On the wall of her studio, on the ground level of Wassaic Project, Dwyer’s composed a mood board of her own story, which features everything from Old Masters paintings to Beauty and the Beast references. “I grew up loving clay,” she says. “It’s a very tactile medium and it’s a soothing process as well.” Dwyer began to inform that love with discoveries ranging from the texture and the emotion of photographer Alex Prager’s work to academic research on the history of porcelain—specifically the 17th and 18th centuries in Europe where “it was like a fetish almost, and porcelain was considered white gold. I’m interested in this idea of obsession.”

Her latest works incorporate her interest in gender studies, feminist literature and the idea of rewriting fairytales. “The age-old tropes found in fairytales can perpetuate a patriarchal structure but, if the author is changed, you can use it in a subvert message and rewrite the narrative. That’s where my practice is now.” It’s no small feat translating these ideas into ceramic sculptures but Dwyer approaches an entire body of work with the ideas she intends to infuse, then using each piece as a component of the greater concept.

“It’s such a process-heavy medium,” she continues. “Most of my work is fired at least five times. I will build the piece, then put an under-glaze coat on it. I’ll bisque fire it. Then, I will put a glaze coat on it. I will then glaze fire it. I will usually glaze fire it again. Then I will put a luster coat on it and fire that.” All of these steps lead to her magnificent texture and tones.

“I think that’s another thing I love about clay,” Dwyer says. “I sculpt forms. I throw forms. I slip-cast some forms. Then I’ll dip lace into liquid clay, slip, then I’ll put it on the piece and it burns out. The possibilities are endless.” These variations are visible in her studio, where works lay across shelves, desks and tables. Even more work hangs on the wall. Dwyer surrounds herself with carefully arranged work. Part of her studio is reminiscent of the tea party installation from SPRING/BREAK, too—with shimmering pastels placed about.

Dwyer didn’t only conceive the pieces for “Dreamer’s Delight,” she also envisioned the concept. “I drew up a sketch and drafted a proposal and made a pin-board and sent it to Lauren Hirschfield and she was on board. The whole installation, putting it all together, was really collaborative.

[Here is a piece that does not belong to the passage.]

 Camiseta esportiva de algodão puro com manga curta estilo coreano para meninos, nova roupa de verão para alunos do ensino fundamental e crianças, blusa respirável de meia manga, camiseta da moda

I never thought we’d actually nail my idea but it came out exactly as I wanted: I wanted people to walk into this alternative utopian fantasy and feel at ease.” She achieved that; the results dripping in decadence.

In back of the Wassaic Project, Dwyer makes use of the kiln shed. As she guides us through the facility, she emphasizes the importance of ceramics as an art form today. “It’s really an exciting time where boundaries are being fused,” she says. “Fine art, design, and craft, these hierarchies are all blurring together.” Her work is the perfect example. When Dwyer’s fellowship ends in May, she’ll pursue studio space in Brooklyn, where she hopes to acquire her own kiln.